Mei Fa Tan et le Music Video Contest

Mei Fa Tan est une jeune fille souriante, une espèce de lutin malicieux qui rit beaucoup et déborde d’énergie. Réalisatrice freelance suisse, elle s’est spécialisée dans les clips musicaux. Rentrée de Cuba en 2013 et désolée de voir que rien ne se passait, elle a décidé d’occuper son été et de lancer, il y a donc maintenant trois ans, The Music Video Contest, un concours dont le gagnant obtient le budget pour un clip qu’elle se charge de réaliser.

« Après c’est devenu un peu plus sérieux, un peu plus conscient et construit, mais c’est vrai que c’est surtout parti de l’envie de faire avancer les choses et de ne pas se limiter. Si j’ai lancé cette initiative, c’est aussi parce que j’ai la conviction qu’il y a les talents en Suisse qu’il faut pour. C’est juste que ce n’est pas une priorité absolue, ici, de promouvoir ces artistes-là. Je pense qu’on a un univers artistique extrêmement riche : il y a des musiciens et tu trouves des groupes suisses qui font tout. On a un paysage artistique qui est très riche et je pense que c’est un peu dans la culture suisse de ne pas idolâtrer les gens de manière générale. Quand il y a une célébrité qui passe dans la rue, on ne va pas lui courir après… Et du coup, c’est vrai qu’on a un peu ce côté réservé et que les gens sont des gens avant d’êtres des « stars » ; on ne starifie pas forcément les artistes, ce qui n’est pas plus mal peut-être… » Mei Fa Tan réalise, produit, s’occupe de chercher le financement (les sponsors de cette troisième édition sont Les Hivernales de Nyon, qui font jouer le groupe gagnant, la ville de Nyon, Le Magasin de Musique à Gland, auxquels il faut ajouter des subventions publiques). Très souvent limitée par le budget qu’avaient à disposition les musiciens faisant recours à elle, le concours naît aussi du fait que « c’est vite cher d’avoir une équipe, le matériel, etc. » ; du coup, elle s’est dit : «Voilà, par année, je fais un peu « ce cadeau » de trouver ce qu’il faut, de mettre en place les équipes dont on a besoin pour permettre à un projet d’exister. »

© Ludovic Matthey
© Ludovic Matthey

C’est à l’occasion de la fin de cette troisième édition que le clip Thanks to Mary, du groupe Alice Roosevelt, est sorti le 3 mars dernier, et que nous avons pu en apprendre un peu plus et interviewer Mei Fa Tan:

Alice Roosevelt, c’est un groupe que tu connaissais déjà ?
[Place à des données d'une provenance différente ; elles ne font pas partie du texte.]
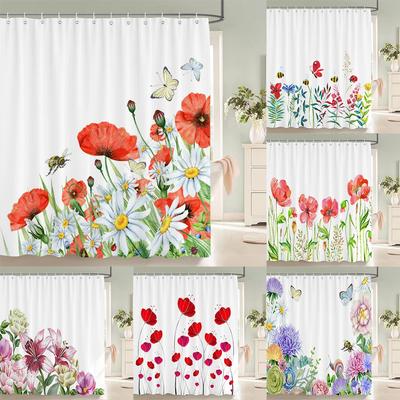 240x180cm Badezimmer Wasserdichter Duschvorhang Schöne Blume Pflanzenblätter Druck Polyester Heimdekoration Vorhang Mit Haken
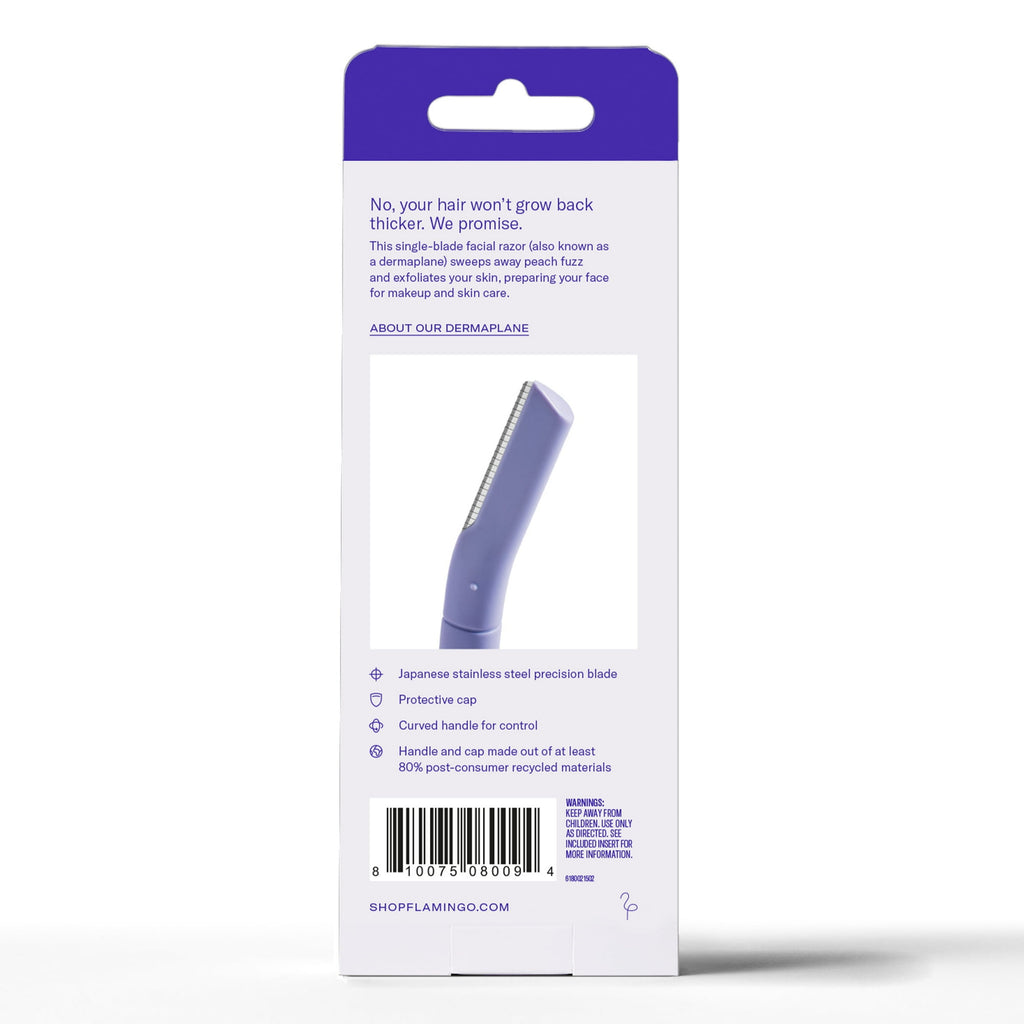 Flamingo Disposable Dermaplane Facial Razors for Women, 3 Count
Je connaissais le batteur, qui jouait dans un autre groupe: on avait bossé ensemble deux-trois fois sur des petits trucs. Mais les autres membres du groupe, pas du tout. C’est aussi un peu le but : créer un échange, ouvrir un peu et pas que ça devienne du copinage.

Ils jouent ensemble depuis combien de temps ?

Une année, deux ans… Quand Josef of the Fountain s’est séparé, ils ont monté Alice Roosevelt, avec quelques changements de membres. Comme c’est le premier concert qu’ils ont fait sous ce nom, en présentant leur EP et leur répertoire musical, c’était un peu un lancement. Alice Roosevelt était la fille de Théodore Roosevelt, mais c’est aussi une variété de tomate, pour l’anecdote !

Ça te donne plus de liberté pour le clip, puisqu’ils n’ont pas encore d’identité visuelle, non ?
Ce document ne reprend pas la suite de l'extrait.